When the Mandarin Oriental Lutetia opened in 2021, it did something quietly radical with its most exceptional rooms. Rather than filling them with generic luxury — the usual marble, the usual gold, the usual nothing — it invited specific, irreplaceable personalities to leave their actual imprint. The result is a floor of signature suites that read less like hotel rooms and more like portraits: a Presidential Suite, a Joséphine Baker Suite, an Amour, a Francis Ford Coppola. Each one embodies a spirit, a history, a set of obsessions.

Among them, the Haute Couture Suite by Isabelle Huppert — designed by architect Jean-Michel Wilmotte — has always been the most intellectually demanding. Styled like a Parisian apartment with views across the capital’s rooftops, it blends what the actress herself calls the rigor of a masculine wardrobe with French glamour: precise, unsentimental, and genuinely beautiful. Now, four years after its inauguration, the suite has been enriched with a new set of personal selections that make it feel even more completely, unmistakably hers.

The Dress

The first thing you notice in the living room — set against Walter Knoll furnishings — is a Balenciaga dress. Not a replica, not a reference, not a framed photograph: the actual bespoke ensemble designed by Demna for Huppert and worn by her at the 2025 Cannes Film Festival. A long skirt paired with a structured jacket, crafted from upcycled denim — bold and architectural, yet carrying the ease of something made for a specific body and a specific moment.

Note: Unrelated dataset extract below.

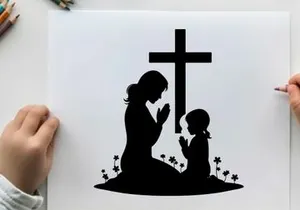 Silhouette of mother and child praying by cross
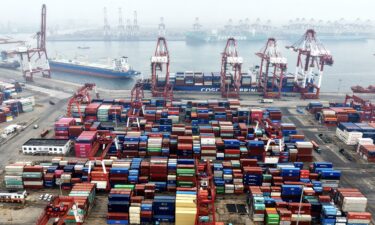 Cargo containers and ships are seen at a port in Qingdao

Its presence in the room is a curatorial statement. Fashion here is not decoration. It is biography.

The Books

Scattered throughout the suite, selected personally by Huppert, is a library that tells you everything about how she moves through the world. The Bell Jar by Sylvia Plath. The Professor of Desire by Philip Roth. Memoirs of a Dutiful Daughter by Simone de Beauvoir. The Magic Mountain by Thomas Mann. And, as a perfect counterweight to all that modernist weight, The Barber of Seville by Beaumarchais — sharp, comic, irreverent.

These are not books chosen for their spines. They are books chosen for their voices: lucid, often unsettling, perpetually in search of freedom. Powerful women and conflicted men, all circling the same questions about desire, identity, and the cost of living fully. A guest who actually reads them — which this suite quietly invites — will emerge having spent time inside the same literary world that shaped one of cinema’s most extraordinary minds.

The Music

Then there is the playlist. Curated by Huppert herself, it is one of the suite’s most intimate gestures — and one of its most revealing. It moves from heartbreak to solitude to sensuality to triumph: Jacques Brel and The Rolling Stones for torn love; Barbara and Simon & Garfunkel for inhabited solitude; Louis Armstrong and Ella Fitzgerald for the particular warmth of late evenings; Queen and Nina Simone for the mornings when you need to feel invincible.
Opera arrives too — Puccini’s tender O mio babbino caro, and then the virtuosic fury of Mozart’s Der Hölle Rache, the Queen of the Night aria, perhaps the most ferocious two minutes in all of classical music. The Beatles bring light. Zaho de Sagazan — the young French artist who has become one of the most compelling voices of her generation — brings something harder to name. The whole thing is less a playlist than a self-portrait in song.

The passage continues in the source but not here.